# Can I convert photos to text?



## lola2001 (Jan 29, 2001)

I know, probably a really stupid question.

A friend of mine scanned a booklet for me and saved it in PNG format. Now all the pages are just pictures. 

I'd like to convert it to some sort of text file so I can download it to my ebookwise device.

Is this possible?


----------



## TRS-80 vet (Jun 18, 2005)

lola2001 said:


> I know, probably a really stupid question.
> 
> A friend of mine scanned a booklet for me and saved it in PNG format. Now all the pages are just pictures.
> 
> ...


You can _add_ text, if you open the images (files) in a graphics editing application, _or_, you can convert the images into text-editable documents with an optical character recognition application, such as Omnipage.

The OCR would be ideal for what you've got, but familiarity with a graphics app is also a good thing.


----------



## telecom69 (Oct 12, 2001)

Perhaps this site may be of help ? http://www.sharewareconnection.com/titles/convert-text-to-jpeg.htm

or this one http://www.omniformat.com/


----------



## Noyb (May 25, 2005)

Since your friend has a scanner ... They should have been able to scan the pages to a text file to start with.
Images can be converted to text but it takes some expensive software and high resolution scans are needed.


----------



## slipe (Jun 27, 2000)

You might try this: http://www.simpleocr.com/


----------



## ferrija1 (Apr 11, 2006)

Noyb said:


> Since your friend has a scanner ... They should have been able to scan the pages to a text file to start with.
> Images can be converted to text but it takes some expensive software and high resolution scans are needed.

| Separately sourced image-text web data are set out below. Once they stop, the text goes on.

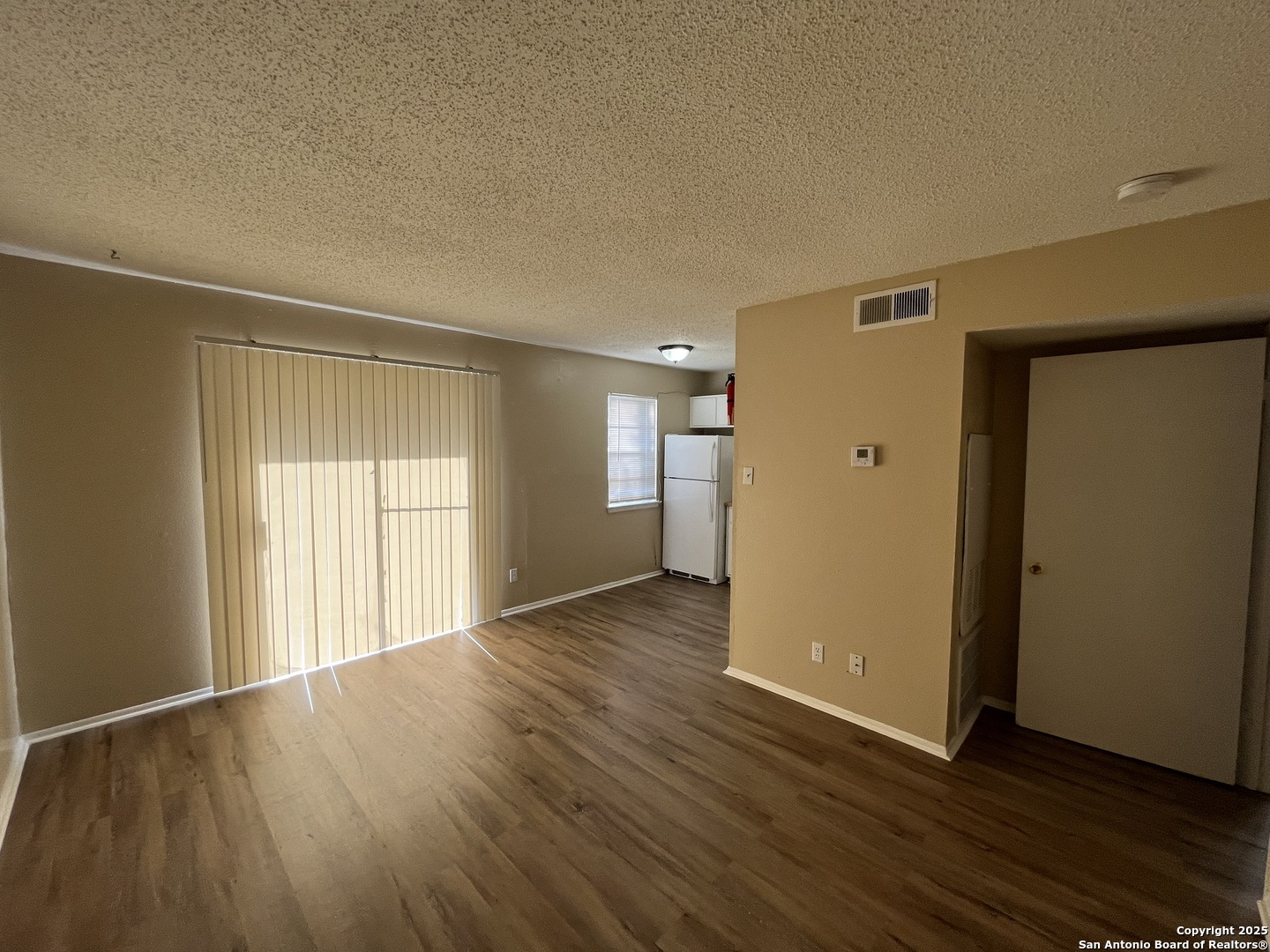 300 Moursund Boulevard, Unit 9 San Antonio, TX 78221 - Photo 3 of 10 a view of an empty room with wooden floor and a window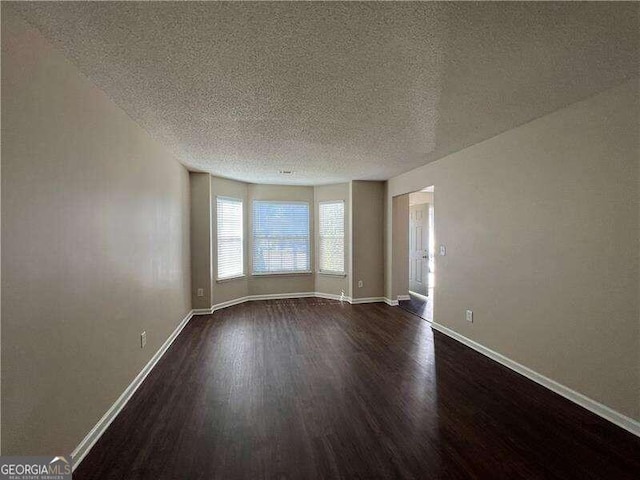 empty room with a textured ceiling and dark hardwood / wood-style flooring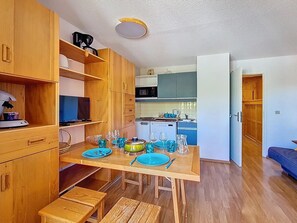 Cuina compacta amb armaris de fusta, taula de dinar per a quatre i un petit espai d'estar.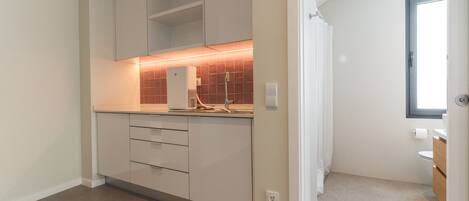 A modern kitchen with white cabinets, a countertop, and a backsplash.
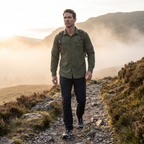 Man walking a misty Lake District path in the green hiking shirt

I have a HP Photosmart 2575 All-in-One (it's a great printer, but they don't sell it anymore) that cost $250 and it scans and converts documents with text on them into PDFs, searchable PDFs, Rich Text, HTML, or text. It works great.


----------



## ferrija1 (Apr 11, 2006)

lola2001 said:


> I know, probably a really stupid question.


_"There's no such thing as a stupid question, but they're the easiest to answer!"_

http://jocr.sourceforge.net/

http://www.gnu.org/software/ocrad/ocrad.html

http://www.oocr.org/


----------